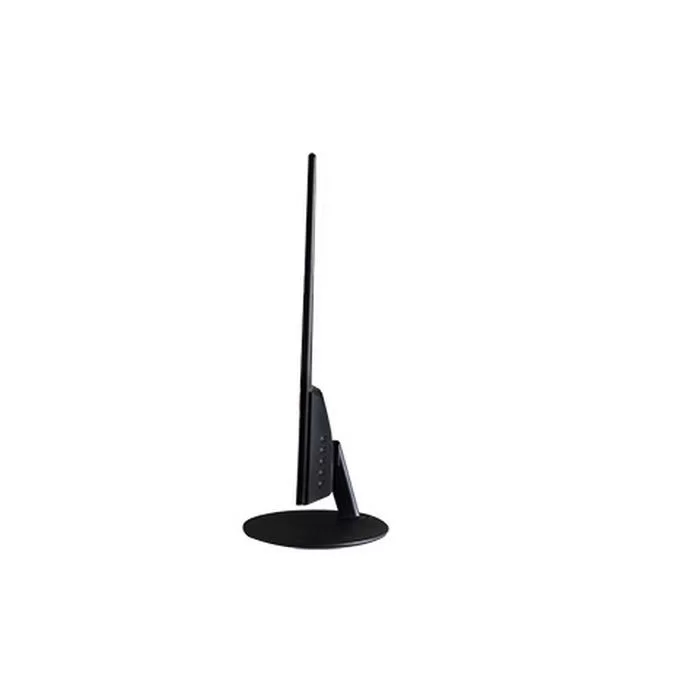 Computer Monitor MAG F24VA 23.8" 75Hz FHD Color:black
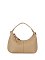 Fashion Shoulder Bag Hobo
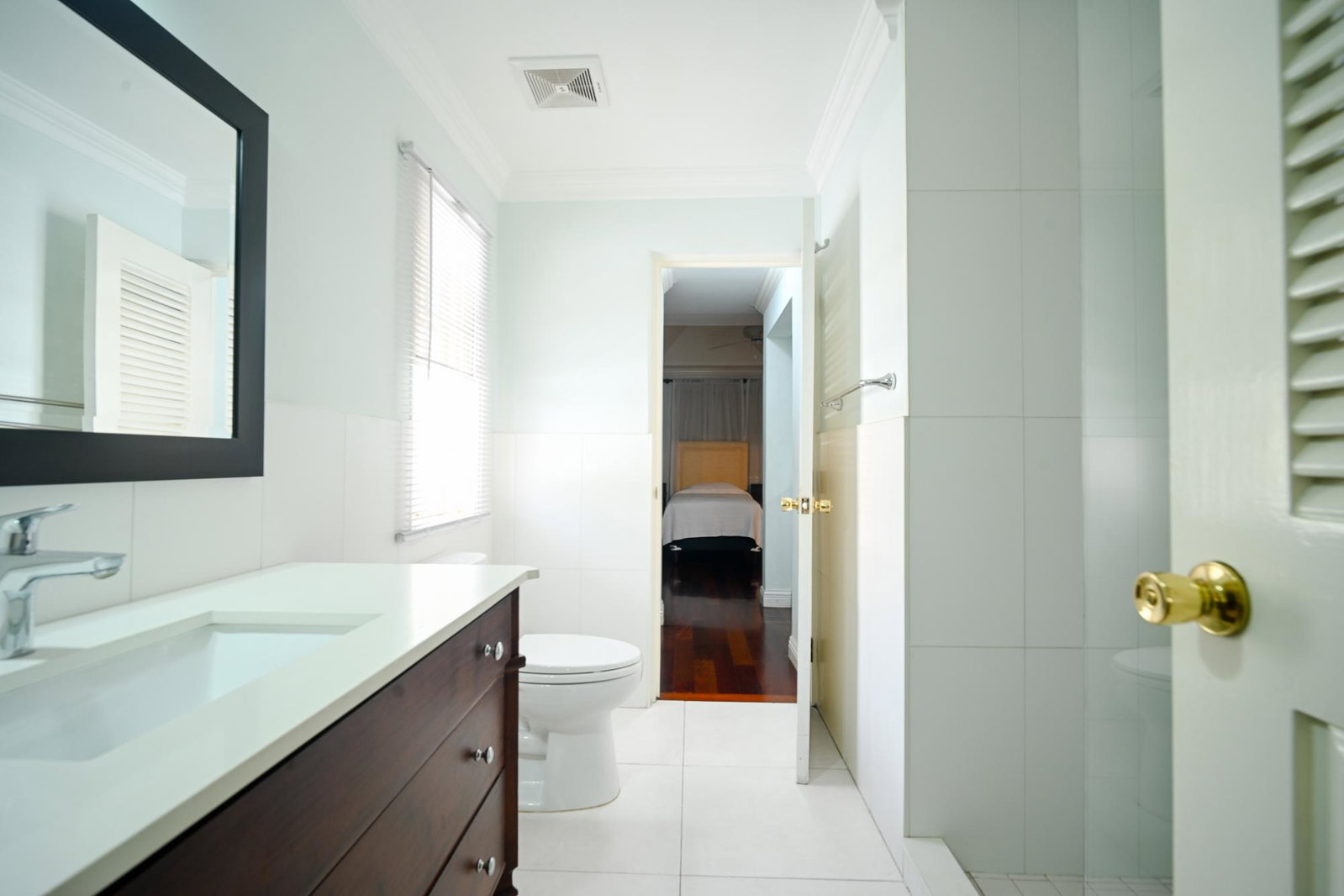 Eleventh image of 3 Hopefield Avenue in Kingston 6, St. Andrew, Jamaica - property is For Sale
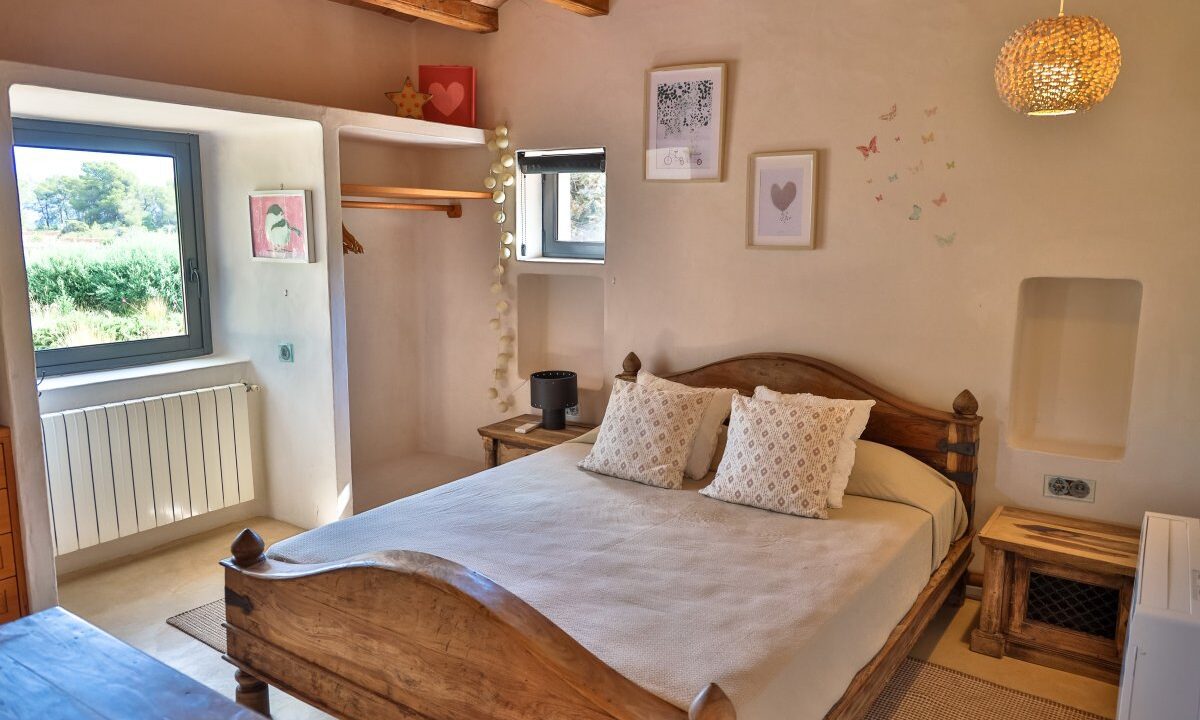 ibizasevenvillas formentera venta (10)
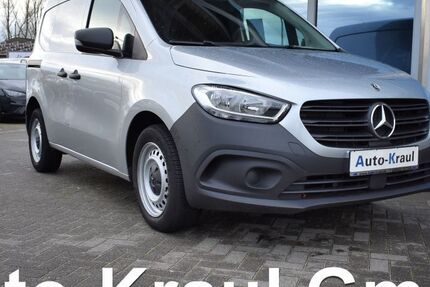 Mercedes-Benz Citan 25.935 km 16.149 &euro; Rehna 19217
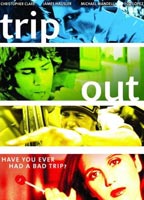 Trip Out (2005) Scene Nuda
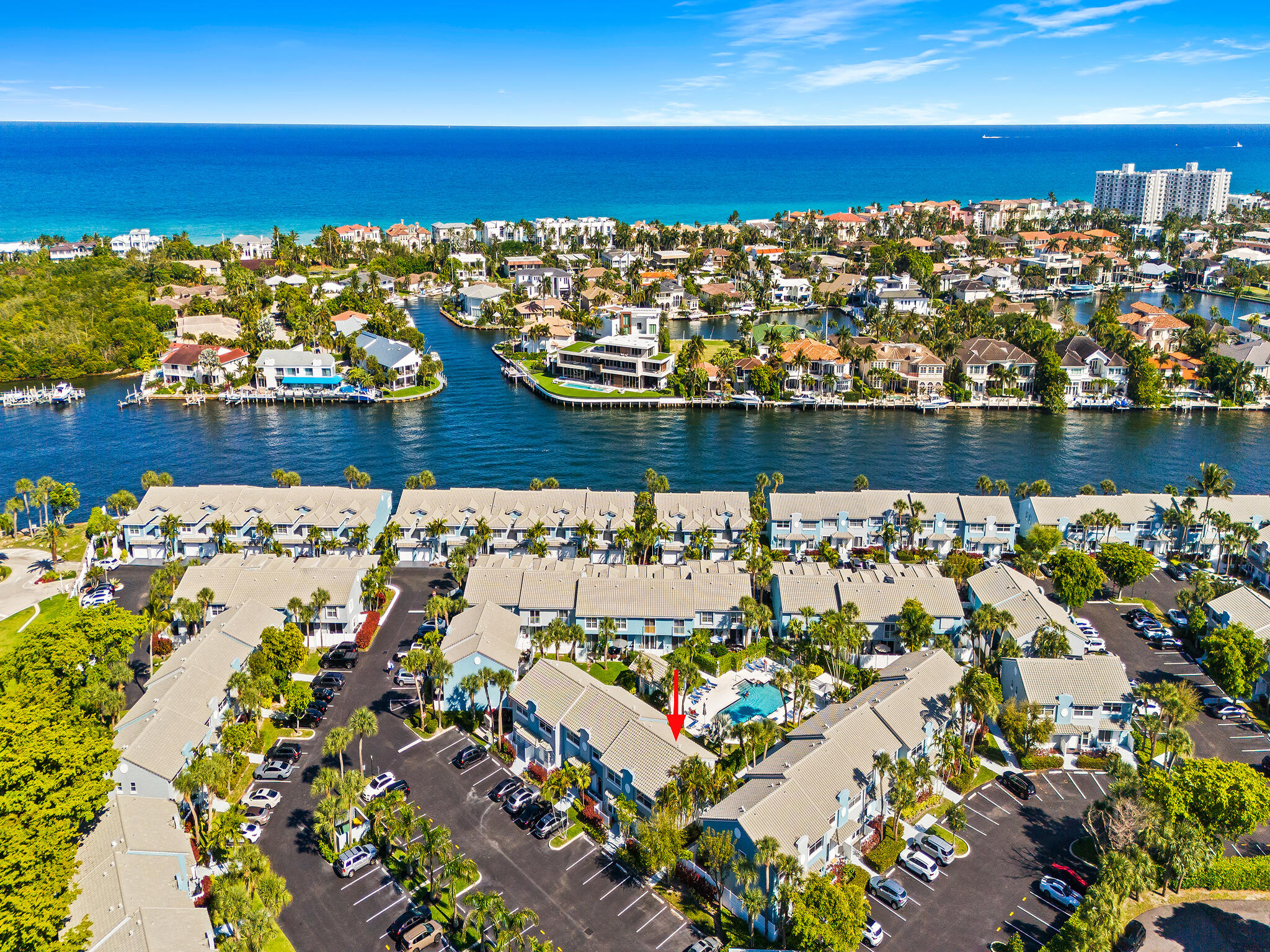 1074 Jeffery Street Boca Raton, FL 33487 - Photo 5 of 23 DJI_20260326162827_0450_D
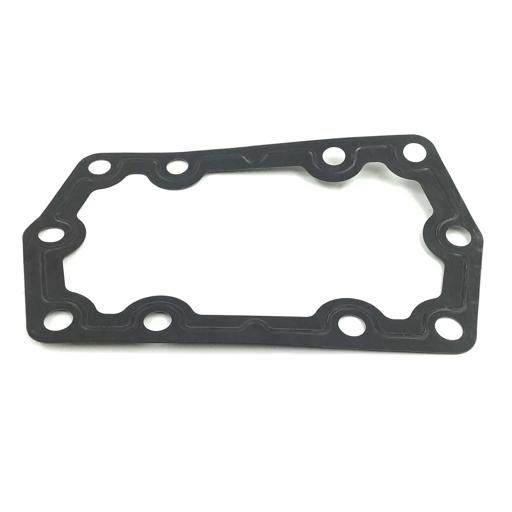 Parker Hannifin - CHE35-P-74 - 35-P-74
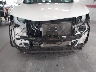 JN1BJ1CR0JW****** Salvage and Wrecked 2018 Nissan Rogue Sport in Orlando North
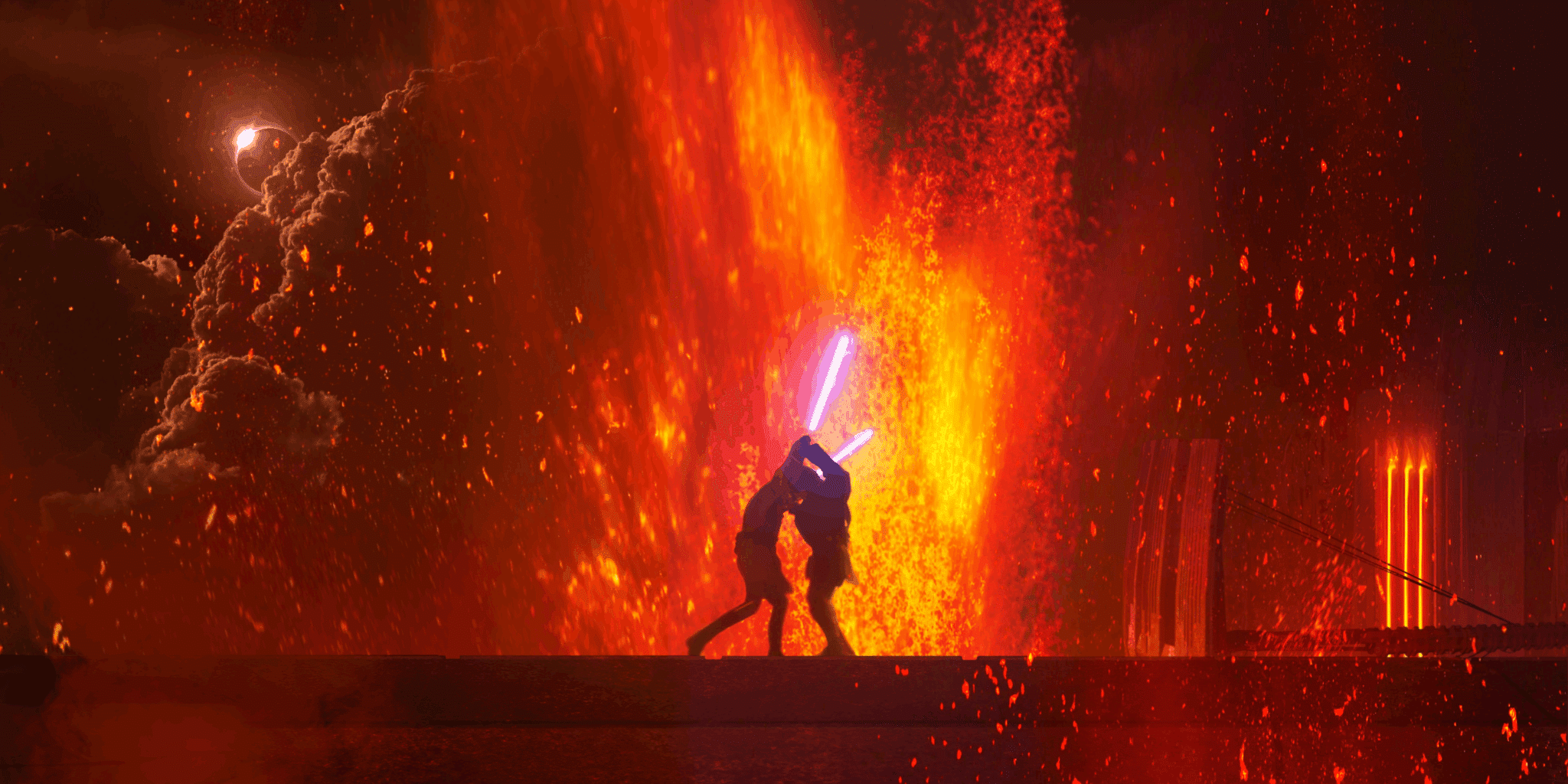 Revenge-of-the-Sith-1 (1)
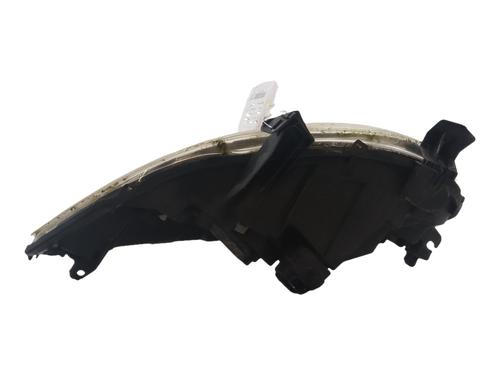Used Right headlight Right headlight CITROËN C1 (PM_, PN_) 1.0 (68 hp) 40253750 40253750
• • •
# TASK PROMPT
Pictures excluded, return exactly the lines from the one with "Trip Out (2005) Scene Nuda" through the final line of the entries above, both included.

# RESPONSE AREA
 Trip Out (2005) Scene Nuda
 1074 Jeffery Street Boca Raton, FL 33487 - Photo 5 of 23 DJI_20260326162827_0450_D
 Parker Hannifin - CHE35-P-74 - 35-P-74
 JN1BJ1CR0JW****** Salvage and Wrecked 2018 Nissan Rogue Sport in Orlando North
 Revenge-of-the-Sith-1 (1)
Used Right headlight Right headlight CITROËN C1 (PM_, PN_) 1.0 (68 hp) 40253750 40253750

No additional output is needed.